Please repeat the records exactly, keeping the pictures out.

— Records from a dataset —
Start of Block
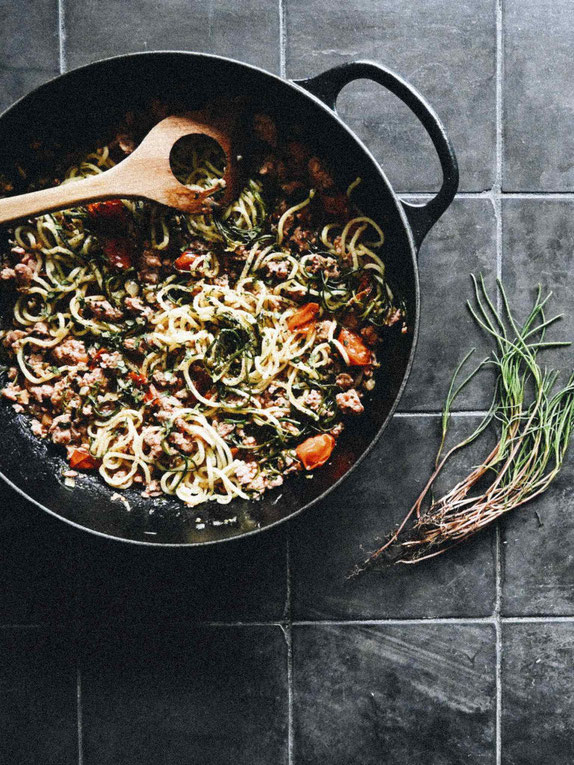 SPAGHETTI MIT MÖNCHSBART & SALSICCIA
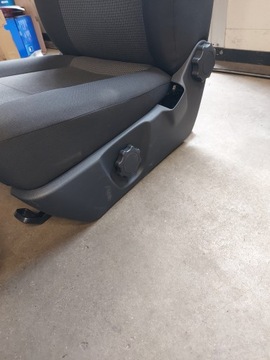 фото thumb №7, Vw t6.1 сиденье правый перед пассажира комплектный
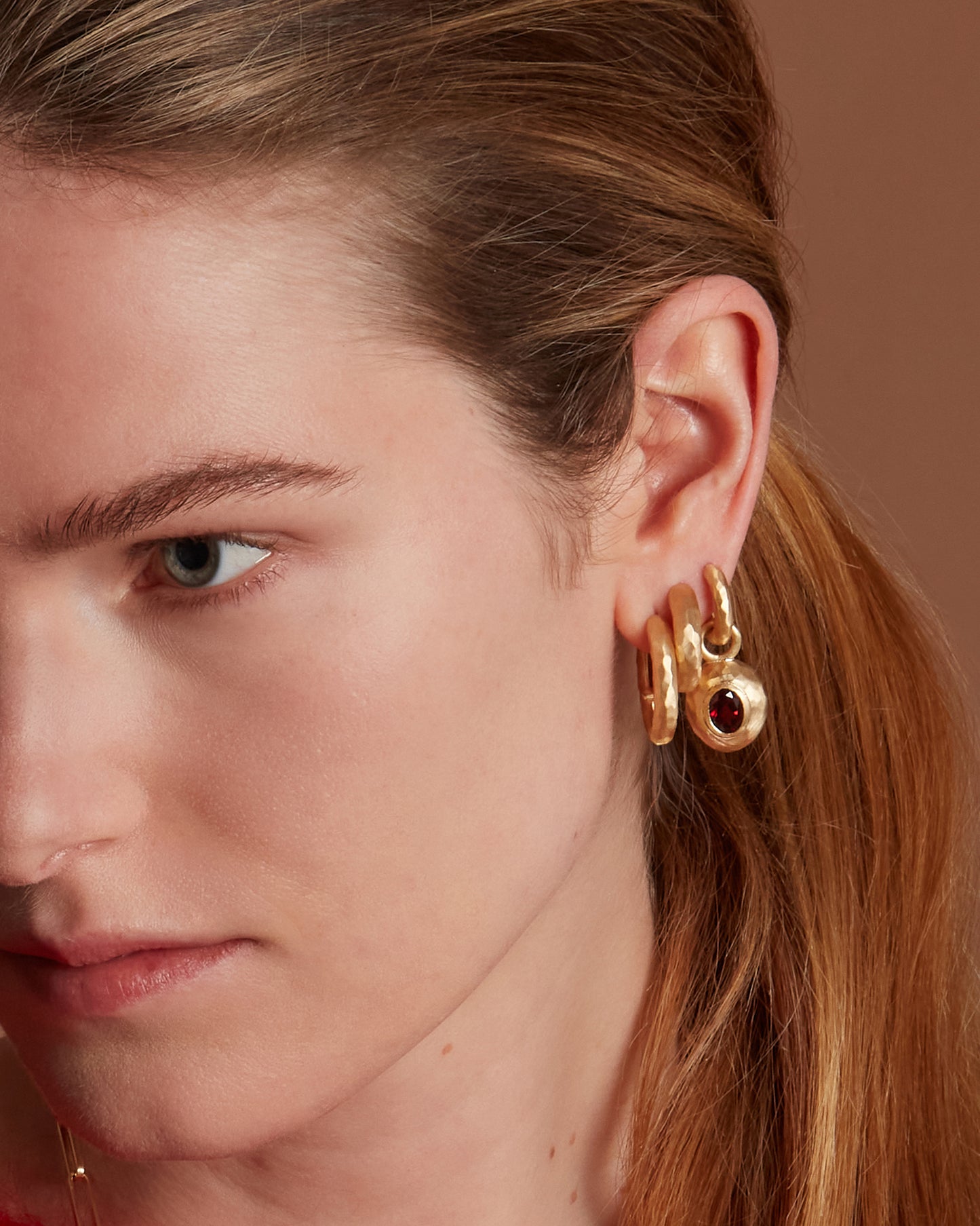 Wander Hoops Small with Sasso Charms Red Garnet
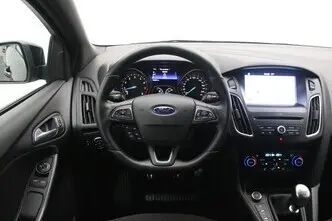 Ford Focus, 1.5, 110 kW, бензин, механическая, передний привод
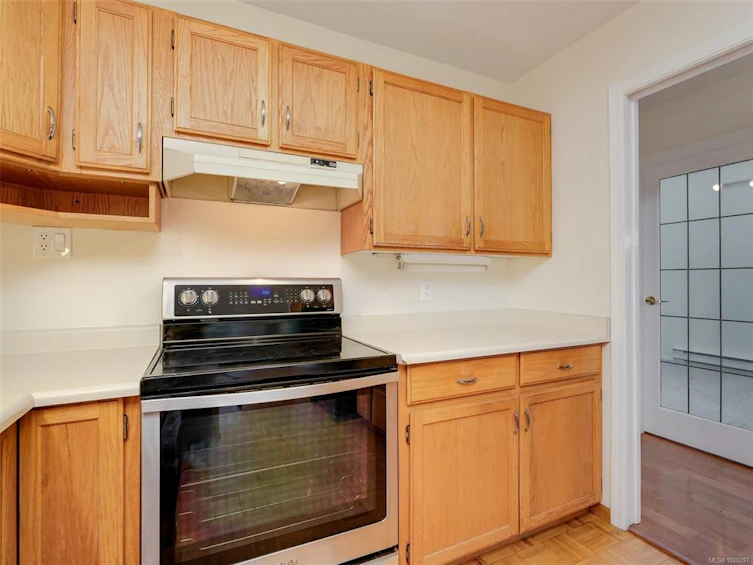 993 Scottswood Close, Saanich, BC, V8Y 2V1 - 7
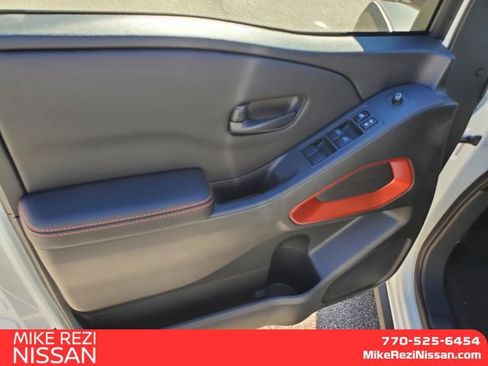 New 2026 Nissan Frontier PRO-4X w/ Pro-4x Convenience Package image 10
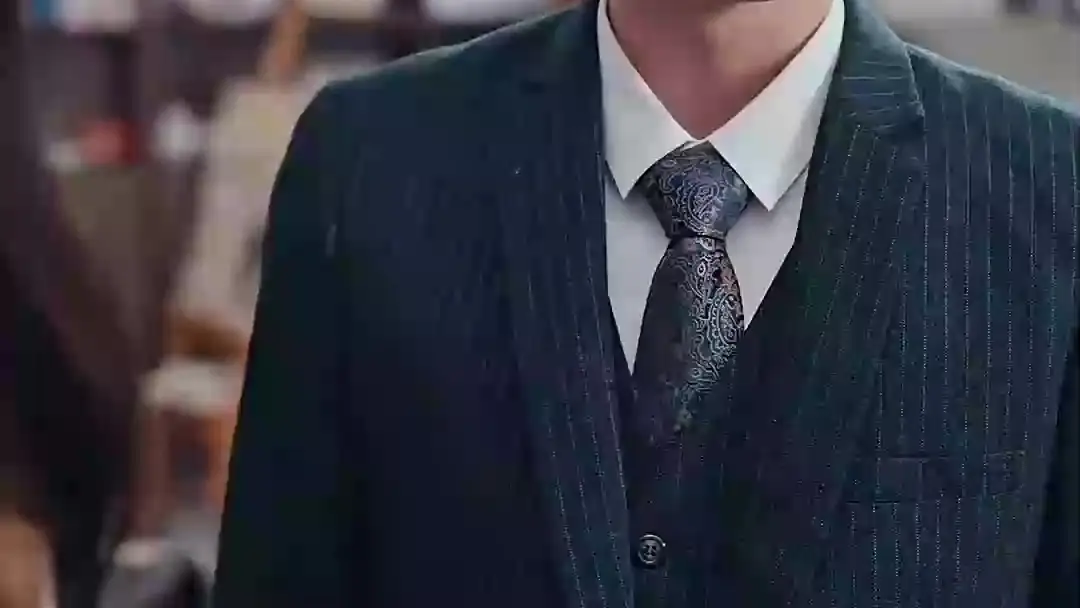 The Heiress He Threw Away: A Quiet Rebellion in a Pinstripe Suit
End of Block
— Exercise solution —
 SPAGHETTI MIT MÖNCHSBART & SALSICCIA
 фото thumb №7, Vw t6.1 сиденье правый перед пассажира комплектный
 Wander Hoops Small with Sasso Charms Red Garnet
 Ford Focus, 1.5, 110 kW, бензин, механическая, передний привод
 993 Scottswood Close, Saanich, BC, V8Y 2V1 - 7
 New 2026 Nissan Frontier PRO-4X w/ Pro-4x Convenience Package image 10
 The Heiress He Threw Away: A Quiet Rebellion in a Pinstripe Suit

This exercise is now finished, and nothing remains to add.